Moreover, if a large chunk of your programming time is spent waiting for things to compile, I would argue that either you need better tools, or your project is badly structured.
In any case, a rather small percentage of the general population does things like compiling and the needs of professional programmers are unlikely to be important in determining the trade-offs of web-based applications...
Ah next up, the big one, games. Let's rework your calculations a bit, since they're a bit.. shady
:-) Well, let's rework them, but let's agree that I don't want to lose image quality if I am to switch over to web-based games.
:-)
I currently play most of my 3D games (e.g. World of Warcraft, UT 2004) at 1280 x 960 resolution. I usually play other games (e.g. Civ III) at full 1600 x 1200, but we'll leave it aside at the moment. I am most definitely unwilling to play games at 800 x 600.

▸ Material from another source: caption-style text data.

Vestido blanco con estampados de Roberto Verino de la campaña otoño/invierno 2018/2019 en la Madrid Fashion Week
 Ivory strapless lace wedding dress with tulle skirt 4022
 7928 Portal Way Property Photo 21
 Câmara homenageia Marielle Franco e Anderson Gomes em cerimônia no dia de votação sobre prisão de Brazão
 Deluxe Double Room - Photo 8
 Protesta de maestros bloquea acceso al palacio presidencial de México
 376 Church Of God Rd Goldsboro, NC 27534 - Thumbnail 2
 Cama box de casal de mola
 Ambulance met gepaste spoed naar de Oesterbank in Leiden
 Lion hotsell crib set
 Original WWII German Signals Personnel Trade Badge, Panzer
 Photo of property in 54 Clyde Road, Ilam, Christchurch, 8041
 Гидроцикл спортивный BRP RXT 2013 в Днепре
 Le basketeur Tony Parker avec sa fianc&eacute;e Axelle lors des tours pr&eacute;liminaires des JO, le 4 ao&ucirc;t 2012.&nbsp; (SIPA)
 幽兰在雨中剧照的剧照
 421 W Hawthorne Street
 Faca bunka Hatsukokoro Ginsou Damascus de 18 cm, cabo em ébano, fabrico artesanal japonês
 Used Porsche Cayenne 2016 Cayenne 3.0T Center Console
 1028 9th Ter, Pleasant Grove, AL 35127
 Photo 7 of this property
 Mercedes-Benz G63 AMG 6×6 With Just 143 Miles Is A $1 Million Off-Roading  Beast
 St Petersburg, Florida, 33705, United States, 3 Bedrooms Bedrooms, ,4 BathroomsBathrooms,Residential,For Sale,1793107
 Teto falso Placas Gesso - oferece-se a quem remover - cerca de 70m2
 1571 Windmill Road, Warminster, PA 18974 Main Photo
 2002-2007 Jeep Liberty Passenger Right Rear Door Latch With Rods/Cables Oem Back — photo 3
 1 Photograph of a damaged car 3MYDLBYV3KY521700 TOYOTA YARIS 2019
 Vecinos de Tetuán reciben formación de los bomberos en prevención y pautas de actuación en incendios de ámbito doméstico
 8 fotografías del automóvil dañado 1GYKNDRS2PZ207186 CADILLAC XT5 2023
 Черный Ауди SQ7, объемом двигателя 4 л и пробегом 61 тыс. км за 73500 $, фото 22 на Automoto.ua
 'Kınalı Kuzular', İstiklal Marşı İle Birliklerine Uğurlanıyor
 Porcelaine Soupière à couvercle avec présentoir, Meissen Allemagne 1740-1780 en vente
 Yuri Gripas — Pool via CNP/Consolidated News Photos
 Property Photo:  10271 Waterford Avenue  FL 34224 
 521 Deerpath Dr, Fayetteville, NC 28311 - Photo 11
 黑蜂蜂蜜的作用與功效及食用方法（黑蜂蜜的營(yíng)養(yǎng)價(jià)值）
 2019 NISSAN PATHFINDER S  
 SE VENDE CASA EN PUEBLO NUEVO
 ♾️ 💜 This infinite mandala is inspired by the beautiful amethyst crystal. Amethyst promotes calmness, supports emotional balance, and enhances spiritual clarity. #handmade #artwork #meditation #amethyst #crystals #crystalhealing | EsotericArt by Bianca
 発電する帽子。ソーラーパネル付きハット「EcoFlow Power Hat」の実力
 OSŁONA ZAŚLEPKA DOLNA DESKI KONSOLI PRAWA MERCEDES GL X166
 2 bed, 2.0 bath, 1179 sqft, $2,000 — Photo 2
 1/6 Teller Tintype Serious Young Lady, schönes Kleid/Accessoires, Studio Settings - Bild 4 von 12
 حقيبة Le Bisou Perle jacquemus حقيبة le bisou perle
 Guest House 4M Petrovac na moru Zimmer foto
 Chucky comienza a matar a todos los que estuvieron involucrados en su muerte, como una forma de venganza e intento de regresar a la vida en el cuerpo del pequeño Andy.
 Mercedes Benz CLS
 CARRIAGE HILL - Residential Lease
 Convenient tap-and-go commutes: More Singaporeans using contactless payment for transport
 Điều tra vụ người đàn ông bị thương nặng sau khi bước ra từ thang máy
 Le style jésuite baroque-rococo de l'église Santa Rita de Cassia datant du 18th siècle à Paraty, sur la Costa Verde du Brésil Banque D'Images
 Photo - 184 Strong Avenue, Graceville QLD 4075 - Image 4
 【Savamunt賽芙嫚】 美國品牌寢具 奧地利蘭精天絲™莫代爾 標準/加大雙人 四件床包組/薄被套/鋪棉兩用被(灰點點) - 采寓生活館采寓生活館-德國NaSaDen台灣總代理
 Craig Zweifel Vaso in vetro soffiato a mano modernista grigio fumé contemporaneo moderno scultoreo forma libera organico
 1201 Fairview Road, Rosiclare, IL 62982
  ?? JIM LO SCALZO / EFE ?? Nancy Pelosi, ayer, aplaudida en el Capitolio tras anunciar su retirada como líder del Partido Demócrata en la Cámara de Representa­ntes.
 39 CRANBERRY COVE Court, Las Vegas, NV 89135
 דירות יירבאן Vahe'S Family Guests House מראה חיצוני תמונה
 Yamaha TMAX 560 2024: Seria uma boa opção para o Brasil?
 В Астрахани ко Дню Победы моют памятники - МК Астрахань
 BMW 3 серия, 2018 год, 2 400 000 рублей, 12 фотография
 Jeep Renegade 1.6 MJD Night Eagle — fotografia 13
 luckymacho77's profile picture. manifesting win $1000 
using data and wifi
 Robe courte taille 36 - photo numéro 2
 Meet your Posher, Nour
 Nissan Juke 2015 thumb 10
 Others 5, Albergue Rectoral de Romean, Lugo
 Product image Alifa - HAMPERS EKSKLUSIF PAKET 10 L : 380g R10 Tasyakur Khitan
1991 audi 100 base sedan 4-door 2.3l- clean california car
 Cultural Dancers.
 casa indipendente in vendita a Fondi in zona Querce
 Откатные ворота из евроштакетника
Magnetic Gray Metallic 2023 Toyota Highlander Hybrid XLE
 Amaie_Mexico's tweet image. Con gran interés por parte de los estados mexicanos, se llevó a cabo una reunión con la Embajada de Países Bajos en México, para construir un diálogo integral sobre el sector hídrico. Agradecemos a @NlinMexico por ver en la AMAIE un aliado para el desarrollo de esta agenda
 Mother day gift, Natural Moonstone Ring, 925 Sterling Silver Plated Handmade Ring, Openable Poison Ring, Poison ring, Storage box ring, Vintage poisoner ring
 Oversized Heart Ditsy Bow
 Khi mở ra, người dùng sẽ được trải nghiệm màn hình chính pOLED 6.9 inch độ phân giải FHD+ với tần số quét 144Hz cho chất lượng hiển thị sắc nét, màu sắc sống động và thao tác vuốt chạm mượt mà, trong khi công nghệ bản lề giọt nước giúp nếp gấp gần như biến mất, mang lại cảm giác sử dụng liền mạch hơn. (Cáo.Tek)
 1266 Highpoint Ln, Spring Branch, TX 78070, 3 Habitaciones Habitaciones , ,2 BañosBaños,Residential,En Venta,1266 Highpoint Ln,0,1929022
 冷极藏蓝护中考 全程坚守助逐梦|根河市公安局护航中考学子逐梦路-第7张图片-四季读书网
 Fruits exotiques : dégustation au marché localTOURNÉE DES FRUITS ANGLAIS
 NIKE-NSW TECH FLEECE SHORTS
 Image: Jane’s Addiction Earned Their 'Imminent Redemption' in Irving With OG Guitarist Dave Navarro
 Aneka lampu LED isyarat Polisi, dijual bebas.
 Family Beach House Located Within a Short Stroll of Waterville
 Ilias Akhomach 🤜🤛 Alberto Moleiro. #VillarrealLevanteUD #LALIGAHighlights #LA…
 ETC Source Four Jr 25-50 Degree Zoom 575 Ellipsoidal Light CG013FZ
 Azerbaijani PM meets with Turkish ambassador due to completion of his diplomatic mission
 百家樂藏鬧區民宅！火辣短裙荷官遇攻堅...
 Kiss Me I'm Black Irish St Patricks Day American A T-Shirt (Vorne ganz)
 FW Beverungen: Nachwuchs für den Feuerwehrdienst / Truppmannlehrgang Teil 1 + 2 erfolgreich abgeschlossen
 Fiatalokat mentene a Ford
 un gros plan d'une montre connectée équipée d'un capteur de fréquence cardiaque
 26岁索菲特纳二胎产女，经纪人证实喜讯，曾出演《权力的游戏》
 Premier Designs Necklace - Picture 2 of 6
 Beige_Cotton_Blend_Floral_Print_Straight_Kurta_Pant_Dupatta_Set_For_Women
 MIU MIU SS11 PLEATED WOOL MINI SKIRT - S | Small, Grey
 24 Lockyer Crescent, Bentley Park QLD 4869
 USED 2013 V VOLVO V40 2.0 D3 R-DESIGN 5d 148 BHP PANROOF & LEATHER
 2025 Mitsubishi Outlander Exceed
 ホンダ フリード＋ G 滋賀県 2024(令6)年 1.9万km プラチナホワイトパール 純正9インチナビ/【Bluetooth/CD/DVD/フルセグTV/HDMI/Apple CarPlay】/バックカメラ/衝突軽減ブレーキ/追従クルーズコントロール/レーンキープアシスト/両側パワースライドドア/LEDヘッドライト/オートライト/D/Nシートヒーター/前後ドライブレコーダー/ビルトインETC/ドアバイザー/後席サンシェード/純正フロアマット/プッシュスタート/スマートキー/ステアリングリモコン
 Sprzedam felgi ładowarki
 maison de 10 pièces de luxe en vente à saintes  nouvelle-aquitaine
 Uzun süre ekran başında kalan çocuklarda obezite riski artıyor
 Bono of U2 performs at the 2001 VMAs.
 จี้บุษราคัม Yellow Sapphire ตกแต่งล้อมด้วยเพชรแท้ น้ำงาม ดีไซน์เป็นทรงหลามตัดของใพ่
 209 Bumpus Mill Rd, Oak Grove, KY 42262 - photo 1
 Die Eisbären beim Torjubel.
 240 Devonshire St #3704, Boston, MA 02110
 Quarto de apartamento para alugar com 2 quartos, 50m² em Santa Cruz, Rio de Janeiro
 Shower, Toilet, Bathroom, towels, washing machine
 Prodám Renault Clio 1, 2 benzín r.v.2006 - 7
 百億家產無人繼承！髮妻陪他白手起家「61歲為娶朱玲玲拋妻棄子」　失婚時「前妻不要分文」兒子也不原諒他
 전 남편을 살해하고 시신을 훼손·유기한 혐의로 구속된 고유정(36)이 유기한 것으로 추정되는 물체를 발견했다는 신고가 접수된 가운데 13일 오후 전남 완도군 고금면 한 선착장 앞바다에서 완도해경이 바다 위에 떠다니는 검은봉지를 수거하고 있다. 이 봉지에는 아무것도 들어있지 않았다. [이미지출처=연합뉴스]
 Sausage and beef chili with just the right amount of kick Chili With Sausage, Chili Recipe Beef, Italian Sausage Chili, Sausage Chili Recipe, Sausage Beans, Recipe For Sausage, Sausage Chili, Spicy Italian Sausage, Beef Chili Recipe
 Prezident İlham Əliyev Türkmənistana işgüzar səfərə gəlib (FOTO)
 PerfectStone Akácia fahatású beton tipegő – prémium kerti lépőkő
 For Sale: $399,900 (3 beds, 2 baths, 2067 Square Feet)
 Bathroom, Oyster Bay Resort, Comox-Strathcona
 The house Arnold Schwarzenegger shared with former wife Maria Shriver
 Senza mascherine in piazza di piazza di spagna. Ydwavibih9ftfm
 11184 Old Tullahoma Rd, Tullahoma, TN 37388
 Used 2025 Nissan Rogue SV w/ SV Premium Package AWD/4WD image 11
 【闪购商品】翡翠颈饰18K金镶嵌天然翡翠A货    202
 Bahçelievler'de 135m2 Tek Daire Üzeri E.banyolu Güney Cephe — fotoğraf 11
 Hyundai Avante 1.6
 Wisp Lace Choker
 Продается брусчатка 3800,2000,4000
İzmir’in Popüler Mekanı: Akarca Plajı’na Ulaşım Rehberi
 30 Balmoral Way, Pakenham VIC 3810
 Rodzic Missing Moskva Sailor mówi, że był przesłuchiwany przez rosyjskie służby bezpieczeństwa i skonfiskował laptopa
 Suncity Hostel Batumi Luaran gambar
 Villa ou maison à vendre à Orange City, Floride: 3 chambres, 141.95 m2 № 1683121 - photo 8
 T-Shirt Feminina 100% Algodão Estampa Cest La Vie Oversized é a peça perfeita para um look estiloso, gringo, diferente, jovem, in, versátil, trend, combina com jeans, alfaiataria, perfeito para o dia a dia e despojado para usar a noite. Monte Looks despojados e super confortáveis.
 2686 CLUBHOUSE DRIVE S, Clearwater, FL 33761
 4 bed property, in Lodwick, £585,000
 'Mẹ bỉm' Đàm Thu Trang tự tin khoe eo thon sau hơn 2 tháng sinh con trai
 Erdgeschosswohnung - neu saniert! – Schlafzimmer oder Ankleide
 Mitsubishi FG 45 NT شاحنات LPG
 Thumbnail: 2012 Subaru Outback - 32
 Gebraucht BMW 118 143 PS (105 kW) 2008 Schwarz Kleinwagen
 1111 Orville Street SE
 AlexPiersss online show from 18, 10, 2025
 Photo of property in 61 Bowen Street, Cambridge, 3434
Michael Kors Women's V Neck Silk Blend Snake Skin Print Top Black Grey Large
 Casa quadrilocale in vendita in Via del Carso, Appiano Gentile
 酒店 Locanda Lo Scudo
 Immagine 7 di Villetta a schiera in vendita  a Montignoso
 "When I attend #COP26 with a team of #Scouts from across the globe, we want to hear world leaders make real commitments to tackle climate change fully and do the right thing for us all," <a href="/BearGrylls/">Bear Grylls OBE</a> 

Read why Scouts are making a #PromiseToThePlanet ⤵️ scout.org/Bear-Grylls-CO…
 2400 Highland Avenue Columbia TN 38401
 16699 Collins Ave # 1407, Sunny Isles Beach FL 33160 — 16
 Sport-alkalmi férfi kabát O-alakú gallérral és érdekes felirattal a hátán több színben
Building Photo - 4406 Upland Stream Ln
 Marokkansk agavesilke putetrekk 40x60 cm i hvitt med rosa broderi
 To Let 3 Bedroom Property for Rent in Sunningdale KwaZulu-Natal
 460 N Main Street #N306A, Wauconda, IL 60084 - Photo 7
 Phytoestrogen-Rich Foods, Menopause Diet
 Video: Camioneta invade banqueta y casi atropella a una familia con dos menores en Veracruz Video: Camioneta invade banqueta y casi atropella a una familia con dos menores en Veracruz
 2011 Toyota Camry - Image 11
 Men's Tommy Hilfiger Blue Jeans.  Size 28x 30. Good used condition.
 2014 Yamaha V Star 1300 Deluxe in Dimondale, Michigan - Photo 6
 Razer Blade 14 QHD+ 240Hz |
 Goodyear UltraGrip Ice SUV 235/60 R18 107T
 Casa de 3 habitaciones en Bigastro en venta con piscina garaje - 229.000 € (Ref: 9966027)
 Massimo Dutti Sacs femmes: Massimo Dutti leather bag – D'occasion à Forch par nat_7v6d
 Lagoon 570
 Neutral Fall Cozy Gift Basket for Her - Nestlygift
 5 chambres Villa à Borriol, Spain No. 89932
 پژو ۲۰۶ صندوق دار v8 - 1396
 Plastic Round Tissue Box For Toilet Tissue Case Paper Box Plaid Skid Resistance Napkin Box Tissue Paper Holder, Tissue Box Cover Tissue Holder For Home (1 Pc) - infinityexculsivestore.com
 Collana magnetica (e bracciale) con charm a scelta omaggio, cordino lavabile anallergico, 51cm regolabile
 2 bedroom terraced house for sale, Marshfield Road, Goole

So, 1280 * 960 = slightly over 1.2 MPixels. Since we are transfering bitmaps we don't need the alpha channel, just the RGB values, 3 bytes/pixel. So we have 3.6 Mb of data per screen.
As to framerate, 30 fps is the *bare minimum* for fast-paced games. Note that 30 fps for a computer game is very different from 30 fps for a movie. Google for it, it's a bit too long to discuss here. But for the sake of argument let's say 30 fps is enough, so our uncompressed data flow is around 110 Mb/second.
Now, compression. I don't want ugly artifacts on my screen -- I don't have them now and see no reason to acquire them. This means we are going to do high-quality compression. Ratio of 1:3 should be more or less in the ballpark, so we have a data flow of around 35 Mb/sec which is more or less 350 Mbits/sec.
But now the interesting question. Network lag in games is caused by latency and almost never by lack of sufficient bandwidth. And sending bitmaps over the net will help latency by about... zero. So right now to play multiplayer games I need bandwidth of, oh, say 3.5Kb/sec. You are suggesting that to continue playing such games I need to increase my bandwidth by FOUR ORDERS OF MAGNITUDE and for what? Network lag will still be there.
All you've done is offload graphic processing over to the server. Basically you took the graphics card out of the computer, put it on a server, and decided to implement the video bus over TCP/IP
If they lose your data, they're responsible and they can and should be sued.
OK. But then they'll need the money to pay the lawyers and the cost of lawsuits, right? Where will this money be coming from? Umm... right, so it will be coming from your monthly fee...
Google's servers are a order of magnitude more environmentally safe: They're likely to stay on the rack for 10-20 years,
I very much doubt the Google's machines will stay on the rack for 10-20 years... But that's irrelevant in any case -- I wasn't talking about servers. I was talking about the device that would be in your home and that you would use to access Google's servers.
This device -- it will have a monitor, right? And a keyboard? Speakers, too? Hmm... it will need a video chip to send the signal to the monitor, it will need a sound chip to send the signal to the speakers, it will need a NIC to deal with ethernet packets, it will need a microprocessor to run code locally, it will need RAM for the same reason...
By golly! It's a computer!!
Kaa
Kaa's Law: In any sufficiently large group of people most are idiots.